─── Source records ───

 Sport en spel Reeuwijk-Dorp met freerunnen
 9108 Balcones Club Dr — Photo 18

───
─── Source records ───

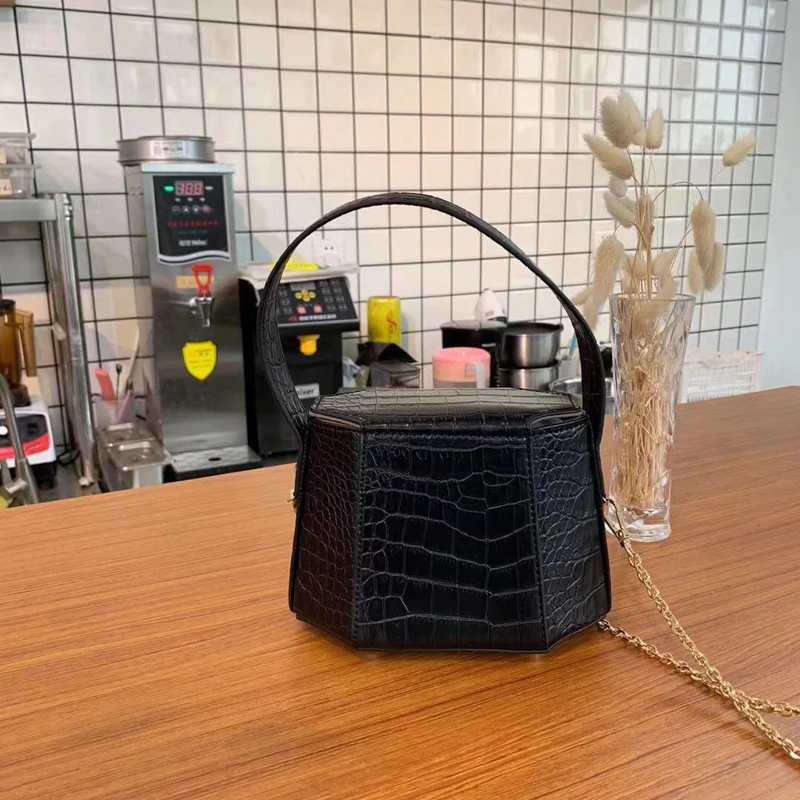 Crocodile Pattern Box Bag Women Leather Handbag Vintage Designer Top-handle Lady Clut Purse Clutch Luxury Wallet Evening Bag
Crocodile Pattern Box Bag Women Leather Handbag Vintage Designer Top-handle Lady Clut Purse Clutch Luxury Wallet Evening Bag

───
─── Source records ───

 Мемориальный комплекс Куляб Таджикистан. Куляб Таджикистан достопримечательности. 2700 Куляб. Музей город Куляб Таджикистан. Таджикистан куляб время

───

All that should be written out is the stretch of lines above between the one holding "Sport en spel Reeuwijk-Dorp met freerunnen" and the one holding "9108 Balcones Club Dr — Photo 18", inclusive, exactly as given.

 Sport en spel Reeuwijk-Dorp met freerunnen
 9108 Balcones Club Dr — Photo 18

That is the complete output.